Repeat until convergence {

\[\begin{split}\begin{array}{ll} \theta_0 &:= \theta_0 - \alpha \frac{1}{m} \sum^{m}_{i=1}(h_\theta(x^i) - y^i) x_0^i \\ \nonumber \theta_1 &:= \theta_1 - \alpha \frac{1}{m} \sum^{m}_{i=1}(h_\theta(x^i) - y^i) x_1^i \end{array}\end{split}\]

}

Here \(x_0^i\) is 0.

Multivariate gradient descent

Repeat until convergence {

\[\theta_j := \theta_j - \alpha \frac{1}{m} \sum^{m}_{i=1}(h_\theta(x^i) - y^i) x_j^i\]

}

Normal Equation

In linear gression, instead of a loop as above, gradient descent can be expressed in a non-loop equation:

\[\theta = (X^TX)^{-1}X^Ty\]

Regularization

  • Overfitting: low bias, high variance
  • Underfitting: high bias, low variance

You could think bias in respect of the training dataset, and variance the test set. If a model overfits the bias would be almost 0 because it perfectly fits the training set.
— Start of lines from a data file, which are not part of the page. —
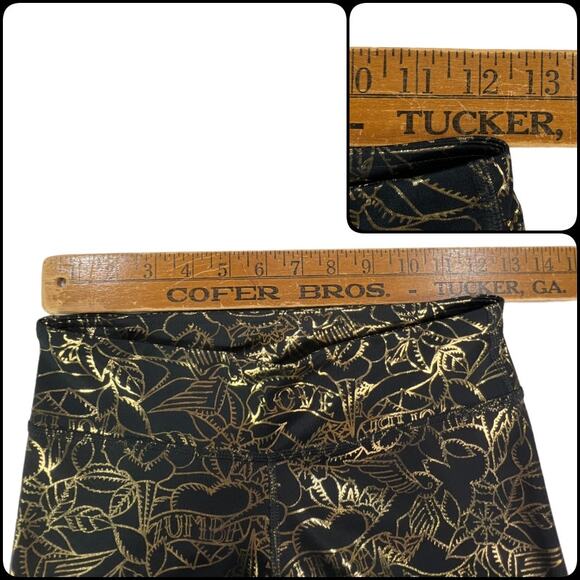 Zumba Love Metallic Capri Leggings Extra Small (XSpicy) Gold Black - Picture 9 of 12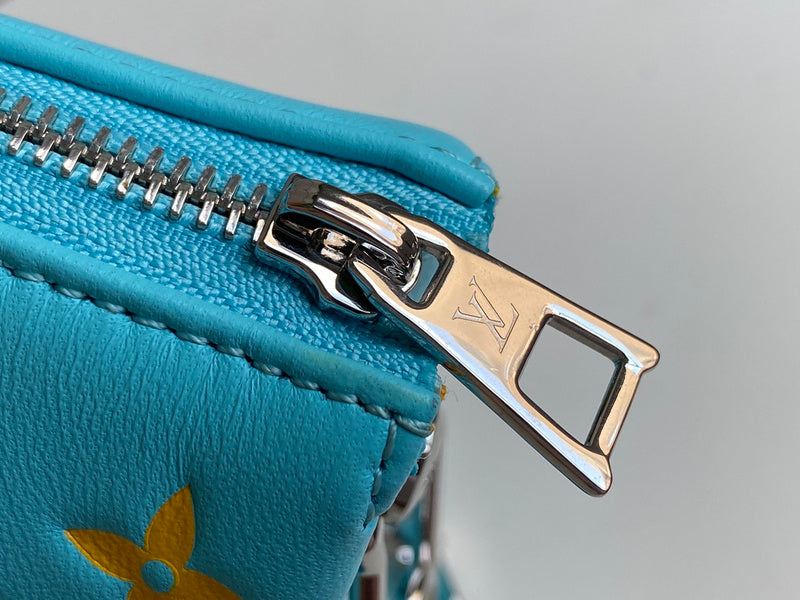 LOV - Luxurious Totes - 2409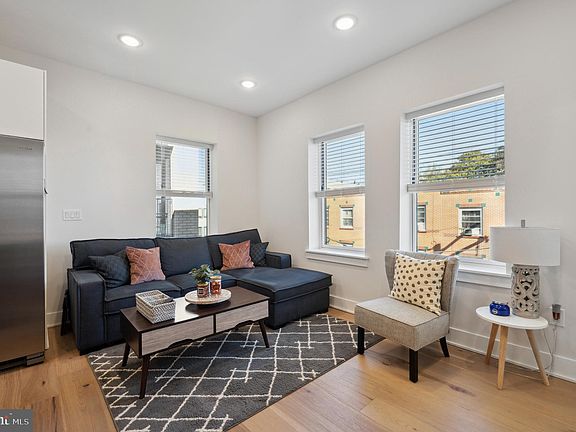 3rd image of 1723 Francis St #3B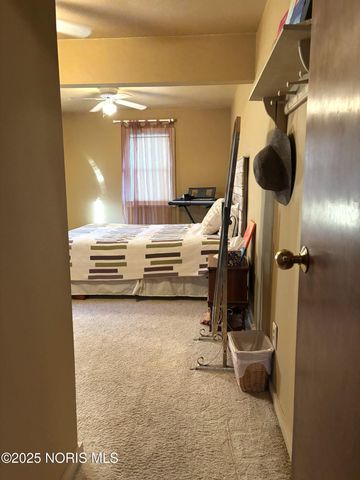 12369 Lagoon Drive, Curtice, OH 43412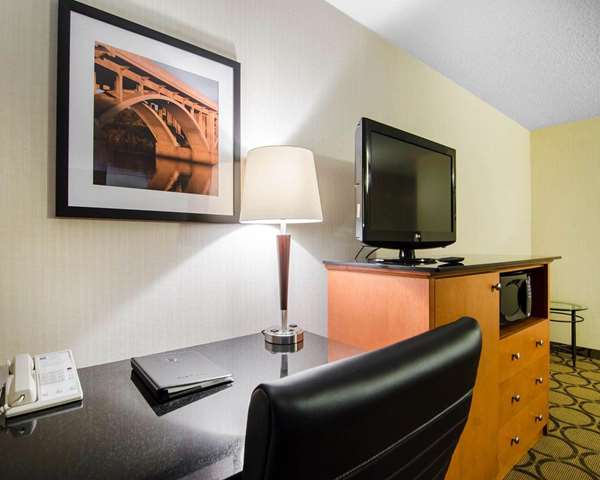  - Comfort Inn Saskatoon
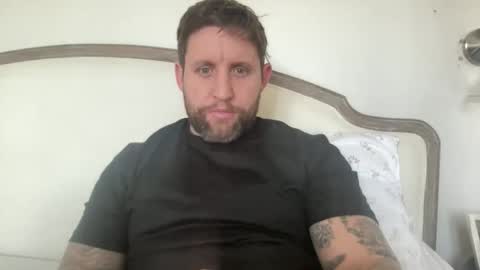 Snapshot of _british_hung_ chatting on January 7, 2026, 1:24 pm UK BigThick Cock online show from January 7, 2026, 1:24 pm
However, it wouldn’t be a good model for new dataset so results in high variance.

Watch Andrew Ng’s lecture.

Example

Say we want to make the following function more quadratic:

\[H = \theta_0 + \theta_1x + \theta_2x^2 + \theta_3x^3 + \theta_4x^4\]

Without actually removing \(\theta_3x^3 + \theta_4x^4\) or changing the form of \(H\), we can modify our cost function:

\[\text{min}_\theta \frac{1}{2m} \sum^{m}_{i=1}(h_\theta(x^i) - y^i)^2 + 1000 \theta_3^2 + 1000 \theta_4^2\]
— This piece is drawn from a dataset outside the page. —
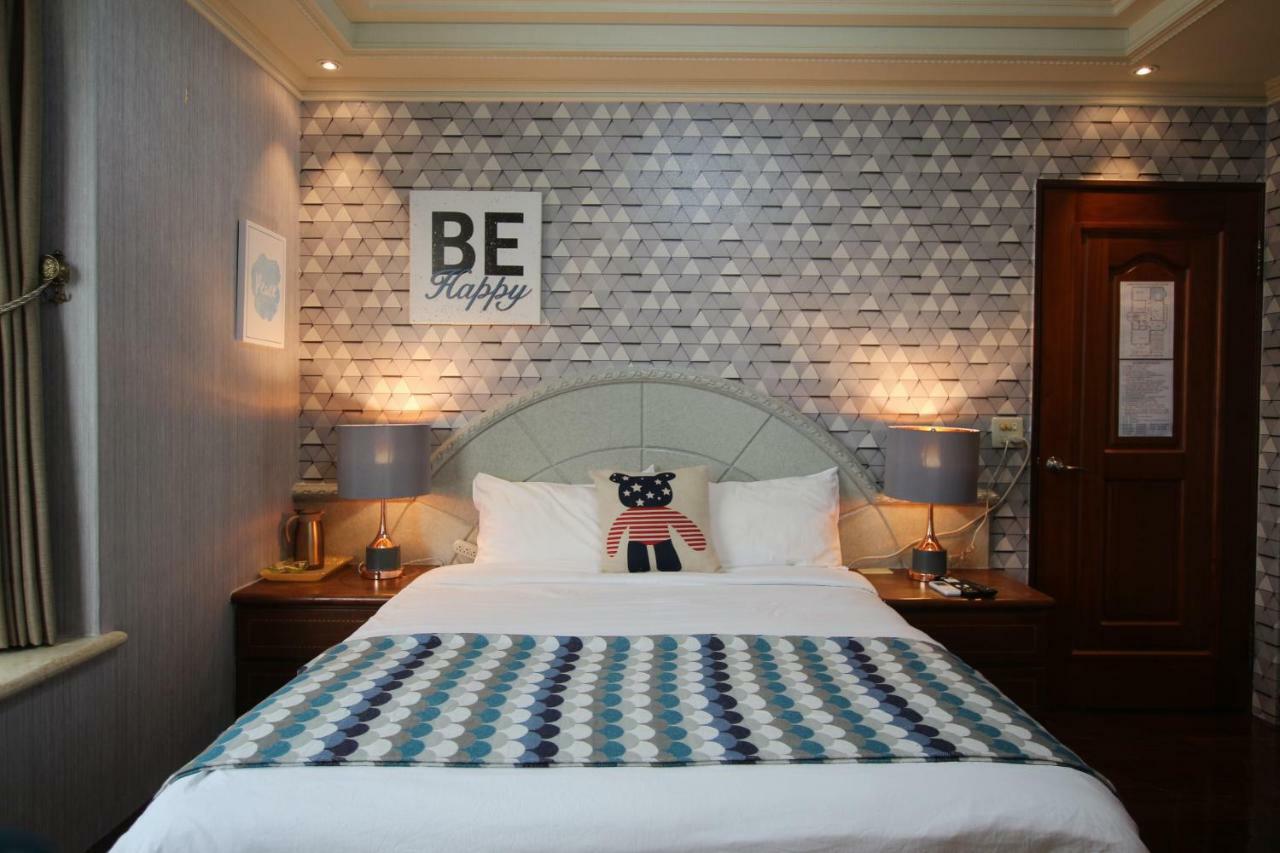 Yilan Pine Villa Homestay Luodong Extérieur photo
We could also regularize all of our theta parameters in a single summation

\[\text{min}_\theta \frac{1}{2m} \sum^{m}_{i=1}(h_\theta(x^i) - y^i)^2 + \lambda \sum^{n}_{j=1}\theta_j^2\]

The square in the second sum comes from the first sum.

Regularization - Gradient Descent

Repeat until convergence {

\[\begin{split}\begin{align} \theta_0 &:= \theta_0 - \alpha \frac{1}{m} \sum^{m}_{i=1}(h_\theta(x^i) - y^i) x_0^i &&\text{(Don't penalize the intercept $\theta_0$)} \nonumber \\ \theta_j &:= \theta_j - \alpha \Bigg[ \bigg( \frac{1}{m} \sum^{m}_{i=1}\Big(h_\theta(x^i) - y^i\Big) x_j^i \bigg) + \frac{\lambda}{m}\theta_j \Bigg] && j \in {1,2,...,n} \end{align}\end{split}\]

}

\(\frac{\lambda}{m}\) is a regularization performer.

The above can be represented as:

\[\theta_j := \theta_j(1 - \alpha\frac{\lambda}{m}) - \alpha\frac{1}{m} \sum^{m}_{i=1}(h_\theta(x^i) - y^i) x_j^i\]

\(1 - \alpha\frac{\lambda}{m}\) is always less than 1. Thus, regularized.

Regularization - Normal Equation

\[\begin{split}\begin{align} X &= \begin{bmatrix} (x^1)^T \\ \vdots\\ (x^m)^T \end{bmatrix}, & \text{size is $(m)\times(n+1)$} \end{align}\end{split}\]
\[\begin{split}\begin{align} \vec{y} &= \begin{bmatrix} y^1 \\ \vdots\\ y^m \end{bmatrix}, & \text{size is $(m)\times(1)$} \end{align}\end{split}\]
\[\theta = (X^TX + \lambda L)^{-1}X^T y\]

where L is a pseudo-diagonal matrix of

\[\begin{split}\begin{align} L &= \begin{bmatrix} 0 & 0 & 0 & \dots & 0 \\ 0 & 1 & 0 & \dots & 0 \\ 0 & 0 & 1 & \dots & 0 \\ \hdotsfor{5}\\ 0 & 0 & 0 & \dots & 1 \end{bmatrix}, & \text{size is $(n+1)\times(n+1)$} \end{align}\end{split}\]

If \(m \leq n\), then \(X^TX\) is non-invertable and so is \((X^TX + \lambda L)\).